Figure 11 shows the contours of vortical structure with different ${\lambda }_2$ values. Compared to the Q isosurfaces, a ${\lambda }_2$-criterion cannot distinguish the vortical tubes with certain distinct boundaries. The vortex has a discontinuous intermittent structure after passing the rotor and behind the outlet of the diffuser. Notice that both Q and ${\lambda }_2$ criteria are sensitive to the isosurface thresholds. In general, it is different to identify the vortex structure inside the diffuser of a horizontal-axis tidal stream turbine with the vortex identification methods that are based on a velocity gradient [43].

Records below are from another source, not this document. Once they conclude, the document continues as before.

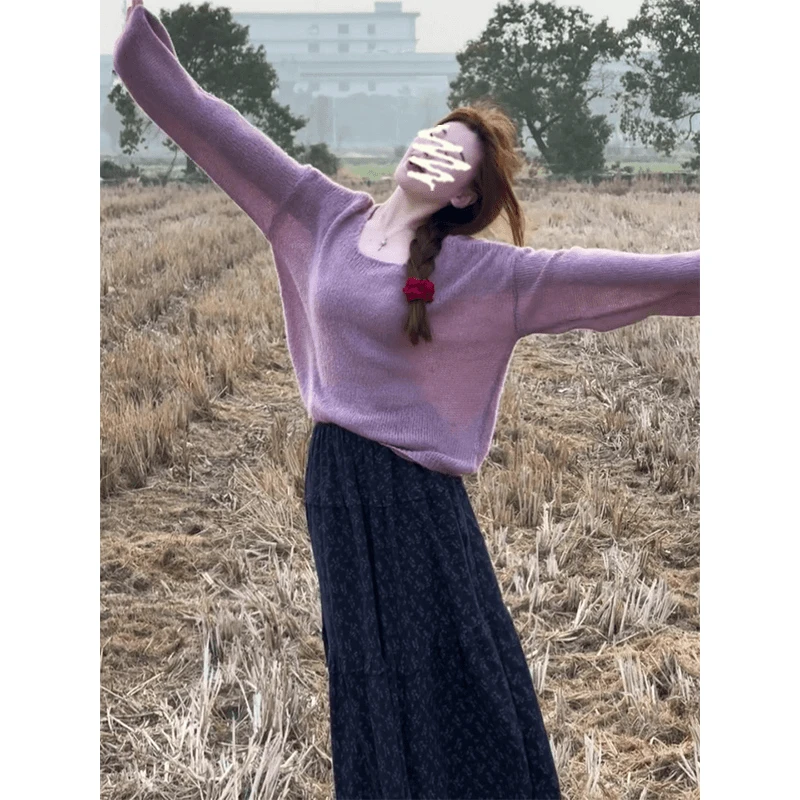 2025春季新款女法式气质薄款宽松针织上衣百搭碎花高腰显瘦半身裙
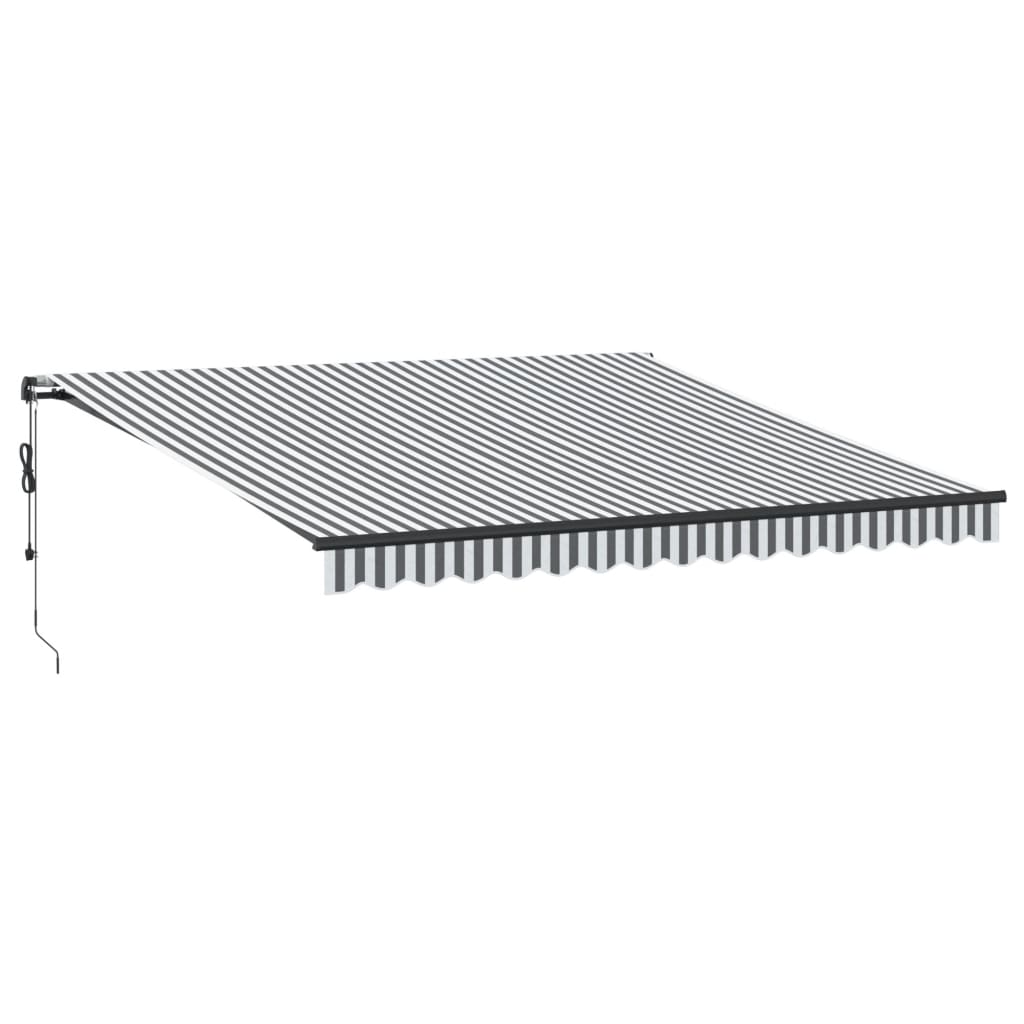 Toldo retrátil automático com leds 400x350 cm antracite/branco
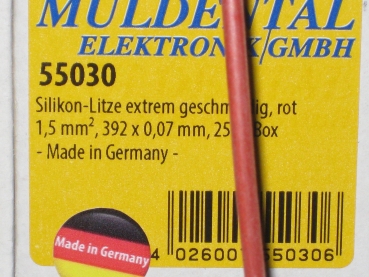 Silikon Litze 1.5qmm rot, extrem geschmeidig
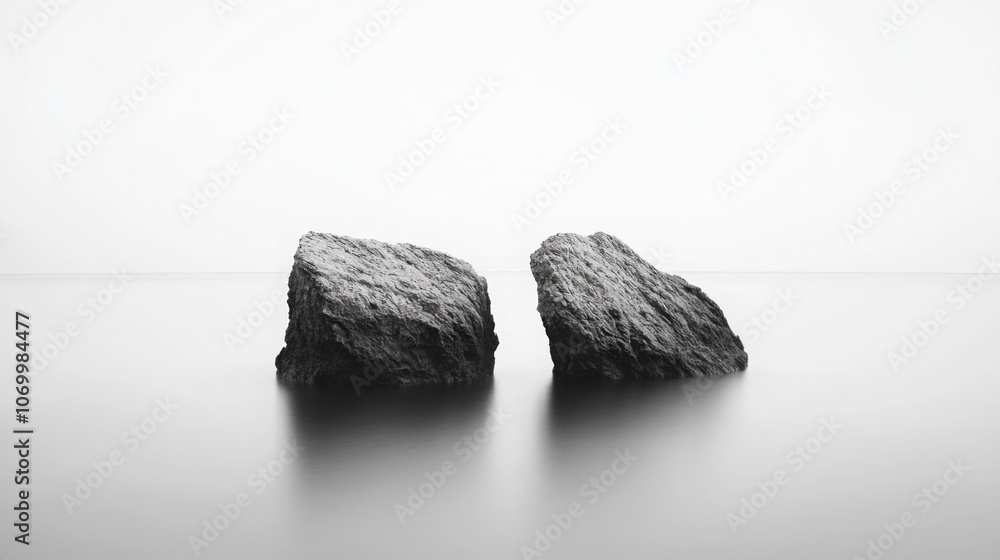 Two rocks on calm water, minimalistic black and white composition, serene environment. Two rocks on calm water, minimalistic black and white composition, serene environment.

Figure 12 depicts the vortical structure of DAHATT with $\Omega$-Rortex criteria. Owing to the clear physical meaning of ${\Omega }_R$ defined by Liu et al. [32], ${\Omega }_R=0.52$ is recommended to illustrate the rotation strength of vortices. However, when the strong swirling vortex is broken due to the presence of the supporting structure, $\epsilon$ (in Equation (23)) will not be large enough to identify the vortical structure even if the rotational strength is stronger than the deformation. Hence, it is crucial to study the sensitivity of $b_0$ for the vortex identification using the $\Omega$-Rortex method. As mentioned in Zhao et al.’s research [27], $b_0={10}^{-6}$ is reasonable for most marine hydrodynamic investigations. According to our investigation, $b_0={10}^{-6}$ is too large, so the wrong vortical structure, which contains extra shear motion near the tip clearance, is captured. For our case, the threshold value of $b_0={10}^{-5}$ is suitable for extracting the vortices inside the diffuser and behind the support structure.

5. Conclusions

The presented investigation focused on the near wake structure, entropy production analysis, and vortex identification of diffuser-augmented horizontal-axis tidal stream turbine (DAHATT). After the detailed discussions, the following conclusions are drawn:

(1)

The overall mean wake structure follows a tadpole-shape on the horizontal plane, whilst it has the maximum velocity deficit after the outer edge of the diffuser. In the near wake, the vertical profiles exhibit a triple peak distribution and significant recovery within $6D$ downstream.

(2)

On the whole, the region that is behind the tip of the diffuser inlet accounts for the greatest proportion of entropy production rate (${\dot{s}}_D$). Inside the diffuser, entropy production rate (${\dot{s}}_D$) experiences a rapid dissipation after passing the rotor. Moreover, in the near wake region, the distribution of ${\dot{s}}_D$ can be depicted as deflecting towards the free surface and the bottom of the flume.

(3)

Q and ${\lambda }_2$-criteria are sensitive to their isosurface thresholds. The vortices identified by Q-criteria contain redundant wall shear motions, and ${\lambda }_2$-criteria cannot distinguish the vortical structure with certain distinct boundaries. Thus, the $\Omega$-Rortex method provides reliable vortex identification results for DAHATT.

(4)

Owing to the vortex breakup of the strong swirling flows, $b_0$ should be a small value that distinguishes the rotational part from the overall vortical structure. For the investigation of DAHATT, we suggest that $b_0$ should be set to ${10}^{-5}$.